● **TASK BRIEF**
Return the lines of the data below, from the one containing "Salvage Nissan Maxima" through the very last, exactly and with both ends included; no pictures.

Records from a collection:

★ ★ ★

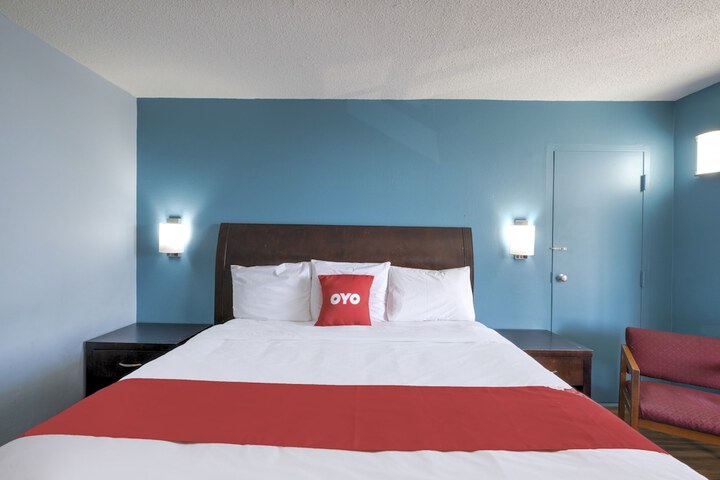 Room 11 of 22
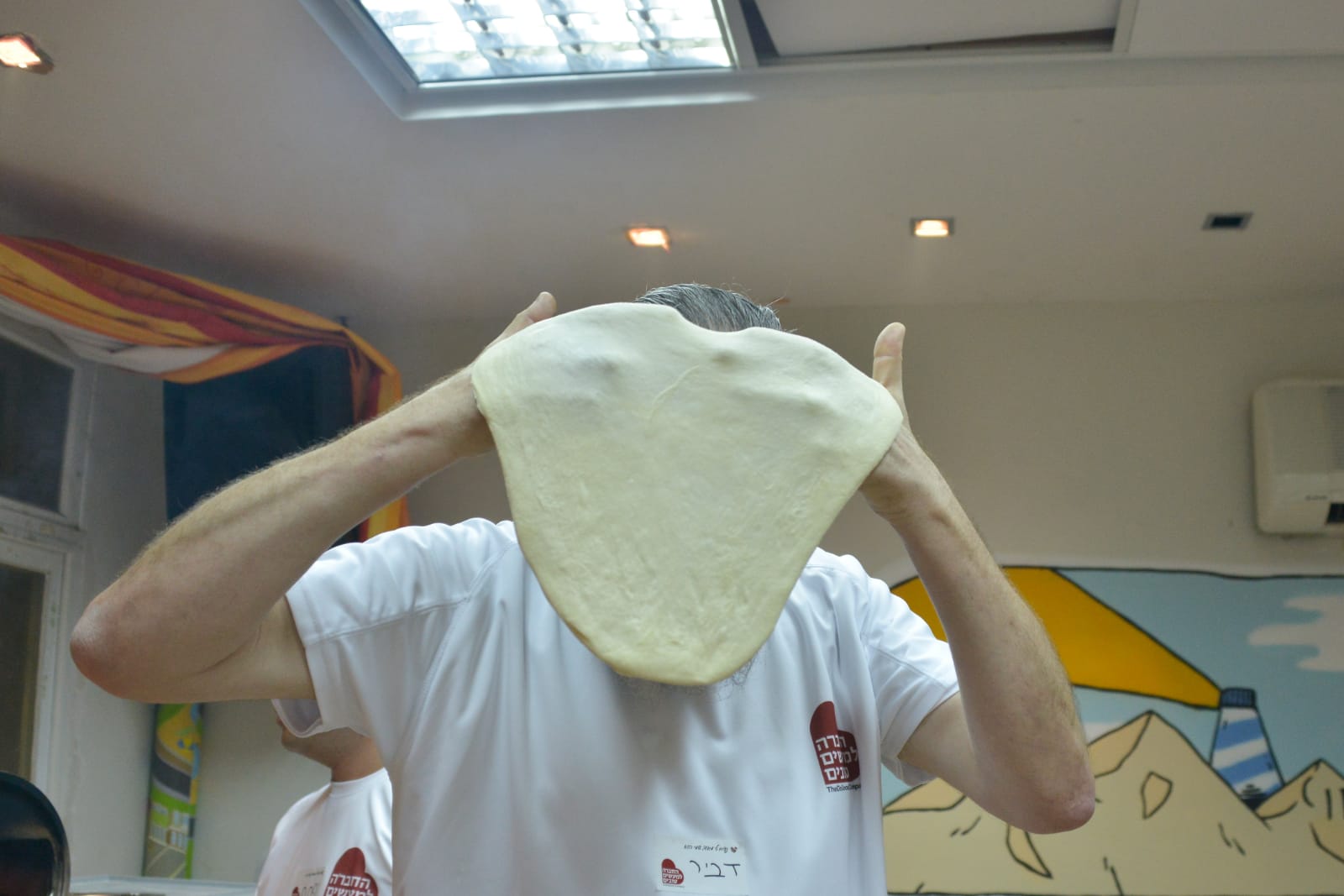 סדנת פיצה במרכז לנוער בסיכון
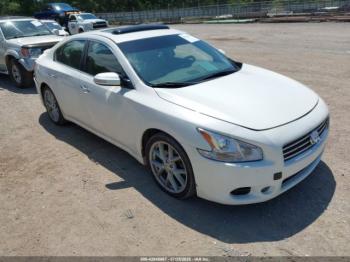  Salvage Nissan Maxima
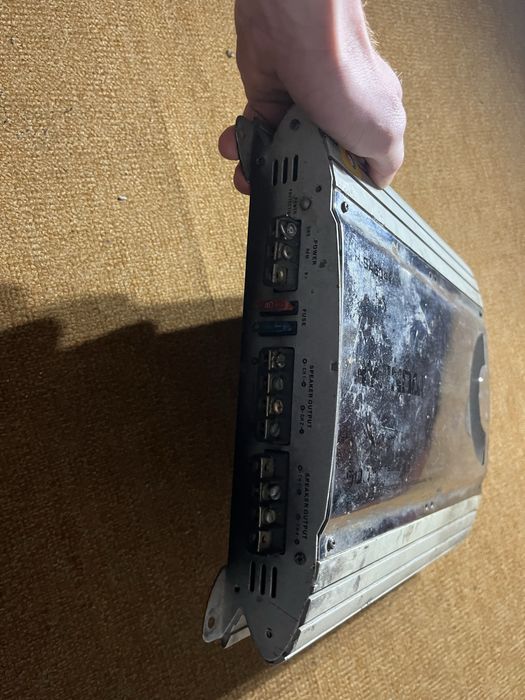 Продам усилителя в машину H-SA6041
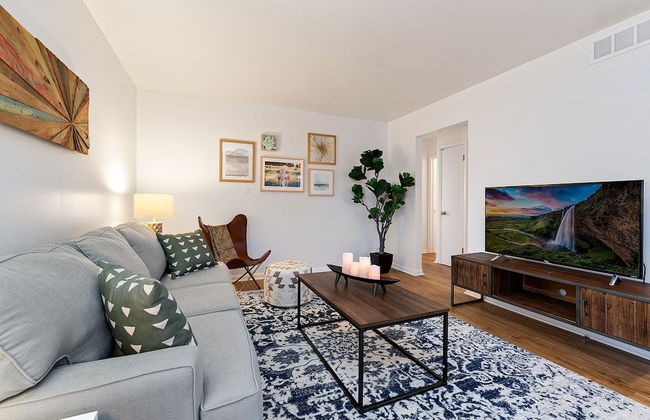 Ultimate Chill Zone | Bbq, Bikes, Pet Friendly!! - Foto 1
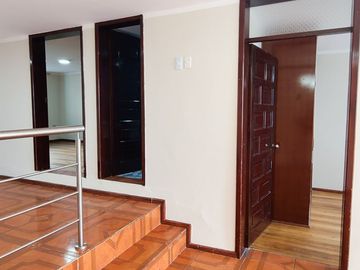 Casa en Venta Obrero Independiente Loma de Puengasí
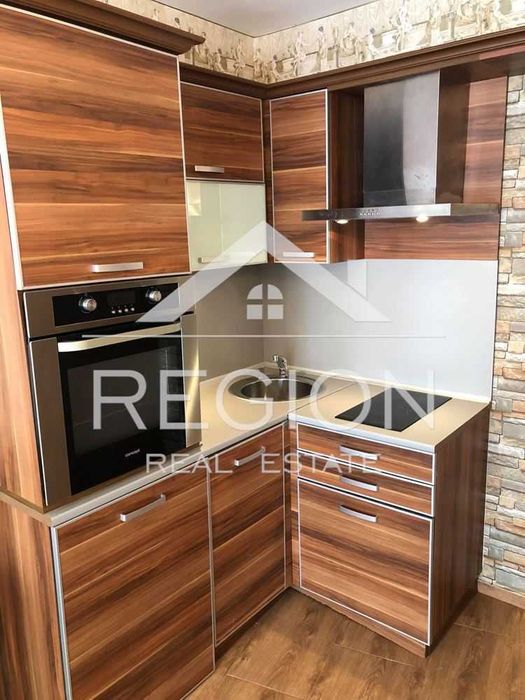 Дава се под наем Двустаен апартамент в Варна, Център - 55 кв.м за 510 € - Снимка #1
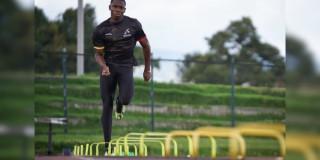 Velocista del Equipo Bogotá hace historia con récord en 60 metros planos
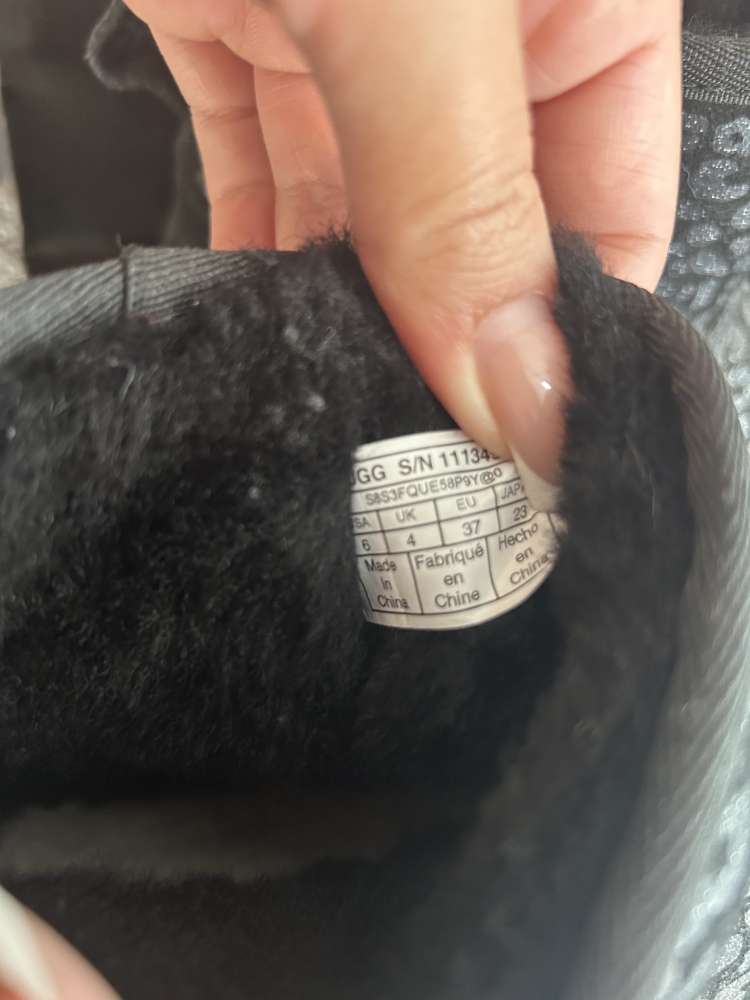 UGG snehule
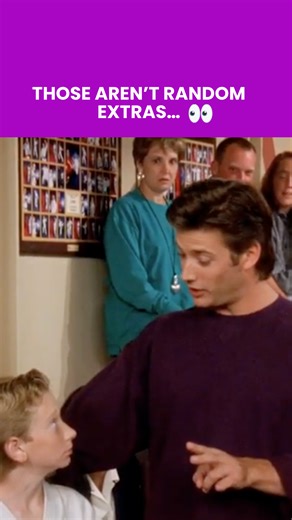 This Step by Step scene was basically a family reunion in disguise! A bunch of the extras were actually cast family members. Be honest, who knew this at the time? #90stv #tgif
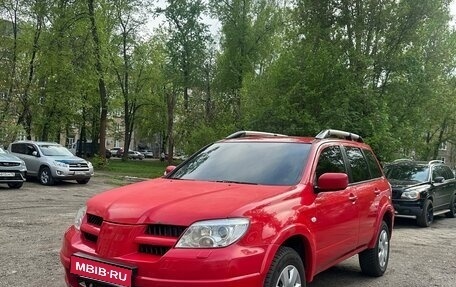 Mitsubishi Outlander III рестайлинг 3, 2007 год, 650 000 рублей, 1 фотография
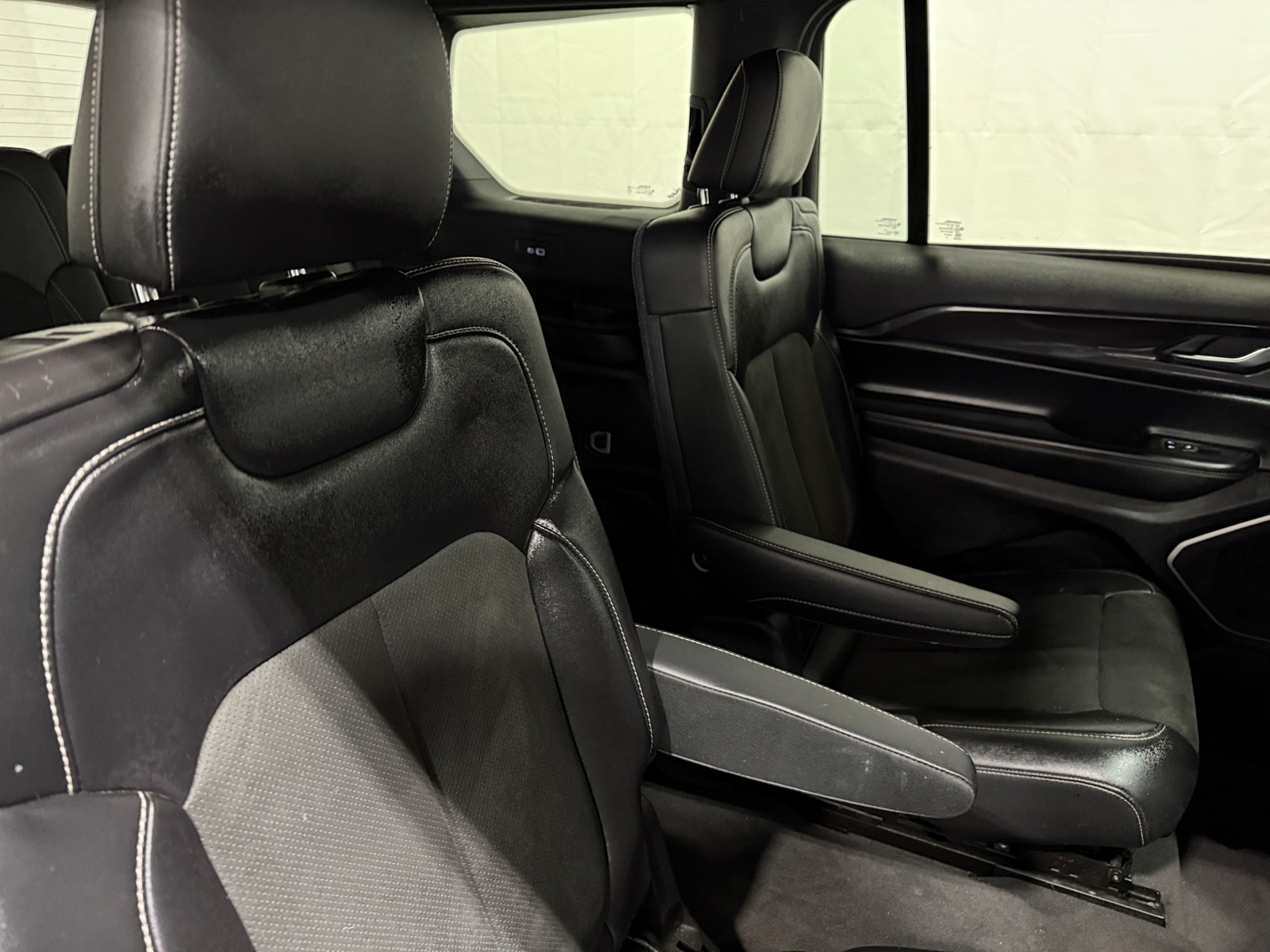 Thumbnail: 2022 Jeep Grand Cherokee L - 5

★ ★ ★

● **REPLY**
  Salvage Nissan Maxima
 Продам усилителя в машину H-SA6041
 Ultimate Chill Zone | Bbq, Bikes, Pet Friendly!! - Foto 1
 Casa en Venta Obrero Independiente Loma de Puengasí
 Дава се под наем Двустаен апартамент в Варна, Център - 55 кв.м за 510 € - Снимка #1
 Velocista del Equipo Bogotá hace historia con récord en 60 metros planos
 UGG snehule
 This Step by Step scene was basically a family reunion in disguise! A bunch of the extras were actually cast family members. Be honest, who knew this at the time? #90stv #tgif
 Mitsubishi Outlander III рестайлинг 3, 2007 год, 650 000 рублей, 1 фотография
 Thumbnail: 2022 Jeep Grand Cherokee L - 5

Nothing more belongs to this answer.